Last night I finished reading a rather non-academic history of the ‘race’ to develop (see what I did there?) a fixed image, photographic process. Henry Fox Talbot and Louis Daguerre battle it out in 19th century science to discover how an image taken by a camera could be fixed permanently.
Capturing the Light by Roger Watson and Helen Rappaport is interesting enough – it’s an interesting subject, the book is not especially academic, and is structured very much as you would expect – which is where I find it weakest.
Tracing the lives of Daguerre and Fox Talbot it aims to create some kind of race as to whom will make the discovery. It is these forms of history that always leave me uncomfortable. Firstly, we get the competitive history, so discoveries being led by the chase – however in this case it is quite difficult to have a ‘race’ when neither party knows the other exists. The book is structured with alternating chapters dedicated to each man, so we get the building tension of an edited contest.
Secondly we get the divisional history, popular unpopular, rich man poor man etc – so we see the quiet, posher Englishman versus loud, brash, poorer French man. Also we get the ‘invention’ history, whereby a name goes down as the inventor and what went before, or after is ignored. The book does try and avoid this, highlighting Wedgwood and Niépce, but it is lost somewhat when the race to the finishing line is the overarching structure of the book.

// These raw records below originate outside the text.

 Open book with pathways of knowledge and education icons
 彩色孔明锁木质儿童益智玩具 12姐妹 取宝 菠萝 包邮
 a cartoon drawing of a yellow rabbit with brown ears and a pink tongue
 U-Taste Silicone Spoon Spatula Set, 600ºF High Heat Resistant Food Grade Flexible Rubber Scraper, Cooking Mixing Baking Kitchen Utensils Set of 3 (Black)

Its a pretty easy to read account – not overly academic, and pretty easy on the chemistry. We learn the various paths taken by the ‘inventors’ towards their discovery and subsequently to monetise the discoveries – the French government purchase the Daguerre process and the problems with patenting faced by Talbot.

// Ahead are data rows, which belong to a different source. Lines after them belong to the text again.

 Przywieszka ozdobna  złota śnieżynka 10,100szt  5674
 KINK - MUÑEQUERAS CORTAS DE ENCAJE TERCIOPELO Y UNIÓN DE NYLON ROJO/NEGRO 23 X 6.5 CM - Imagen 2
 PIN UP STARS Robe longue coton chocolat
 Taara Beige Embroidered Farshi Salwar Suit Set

The book does seem to favour Fox-Talbot, probably based on the fact Roger Watson is curator at the Fox-Talbot museum, and Daguerre does sound like a bit of a chancer who could equally have been running the waltzer at the funfair as working on a scientific project. But its an accessible read, I have no reason to doubt its factual content, and if we are aware and accept the structural framework employed within the book then it was a enjoyable read.